Facebook message may have cracked 19-year-old murder case with Rockford ties
ROCKFORD, Ill. (WIFR) - A Facebook message may be what ultimately leads to an arrest in the 19-year-old brutal unsolved murder of a Rochelle High School graduate.
Police say 31-year-old Kevin Clewer was stabbed more than 40 times in the early hours of March 24, 2004, inside his Chicago apartment.
After chasing dozens of leads that went nowhere, Clewer’s brother, Rockford resident Ron Clewer, started a Facebook page to publicize a composite sketch of a man who used the name “Fernando” and may have been with Kevin the night he was killed.
“There’s been several leads, but none that really amounted to much,” Ron Clewer said.

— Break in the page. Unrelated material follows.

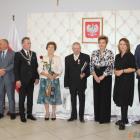 zdjęcie nr 115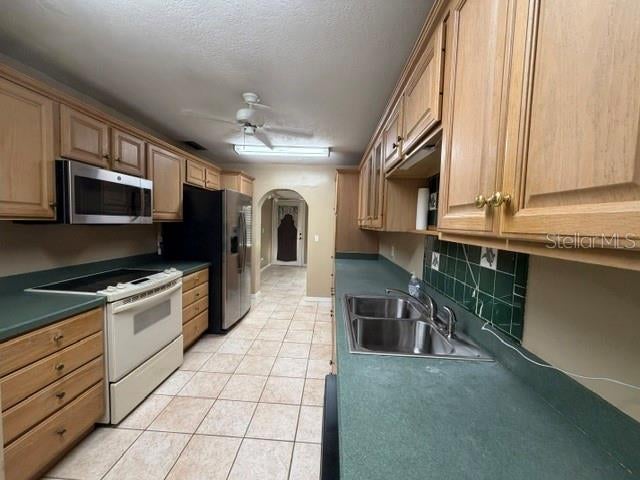 2215 STARBOARD DRIVE 29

Then came August 2020. That’s when he says a woman who claimed to know who killed Clewer’s brother pinged the Facebook page’s inbox. Chicago investigators followed up on that message and soon learned it was unlike others received in the past. The woman knew things about the case that have never been made public. Investigators then tracked down a person who they say is the man in the composite sketch.
“The police do believe that this individual, along with a relation to him, were involved in Kevin’s death,” Clewer said.
Clewer said police now believe the man known as Fernando was with another man when they targeted Kevin using a tactic that’s familiar to police.
“They would go into a bar,” he said. “They would find somebody who was attracted to them or attracted to one of them.”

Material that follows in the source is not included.